Era aquella una noche terrible, más no por la tempestad que azotaba con la furia de una apocalíptica ventisca lo que hacía de la habitación un abismo sumido en las tinieblas que de un momento a otro era iluminado por frágiles destellos de luz y esporádicos rugidos en el cielo, aquello era una espesa cortina de niebla que cubría el verdadero significado de lo macabro. Aquello que estrujaba el corazón con una punzada de dolor y angustia era lo que se hallaba frente a la ventana; una cuna iluminada por la escasa luz de la noche, se mecía con pausados movimientos y el chirriar de las gastadas maderas amortiguaba el repentino llanto la criatura que despertaba en ese instante de una fatídica pesadilla. Las gotas de lluvia golpeteaban incesantes el vidrio de la ventana, los lamentos se convirtieron muy pronto en rabietas y por momentos parecía que todo el aire acumulado en sus pequeños pulmones se escapaba en prolongados gritos de terror. Aquel llanto que emanaba debajo de las sábanas era un lamento parecido a la burlona risa de la hiena, tan estrepitosa que el jadeo emitido tras una breve pausa, erizaba los cabellos de su propia madre.
Un rayo iluminó la habitación a través de la ventana y sobre el barandal de la cuna, las raquíticas manos de un ser minúsculo se asomaron, tan delgadas y de un color rosa muy pálido, sus movimientos eran lentos y sus ademanes expresaban ansiedad, parecía que el bebé pretendiese asirse de los cabellos de su madre, sentir la seguridad y el calor de sus brazos, pero por respuesta solo obtuvo recriminaciones y el seco golpe de un cenicero que se estrelló en el barandal de la cuna, sobrevino el rugir del trueno y nuevamente la ventisca que estampaba las gotas de lluvia en la ventana.
Sara, la madre de la criatura bajo las sábanas, pudo haber sido un ejemplo teatral, casi cómico, de uno de los más grandes temores de una sociedad conservadora; una madre que rechaza a su hijo, ha sido, es y será objeto de repudio en cualquier esfera social que se jacte de ser civilizada.

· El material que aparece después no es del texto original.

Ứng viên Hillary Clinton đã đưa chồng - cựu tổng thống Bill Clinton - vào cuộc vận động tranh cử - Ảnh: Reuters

Era aquel, un tema del cual poco se hablaba en la familia, se evitaba a cualquier costo ya que se consideraba de mal gusto y pésima educación, aunque a veces lo disfrazaran como respeto por la criatura. Y es que Sara no soportaba la realidad, su hijo había nacido con una compleja deformidad que le impedía ser un bebé normal, tal vez eso terminaba por destrozar los ánimos de Sara y a pesar del poco esfuerzo que empeñaba por tratar de comprender el sufrimiento de su hijo, no llegaba a percibir la magnitud de su desdicha y eso desembocaba en una actitud nada ejemplar, repleta de reprimendas y últimamente cargada de odio. Sin embargo, el que su hijo no fuera como los demás, no opacaba su integridad como ser humano. Un humano que bastante tenía con aquella condición que le aquejaría de por vida.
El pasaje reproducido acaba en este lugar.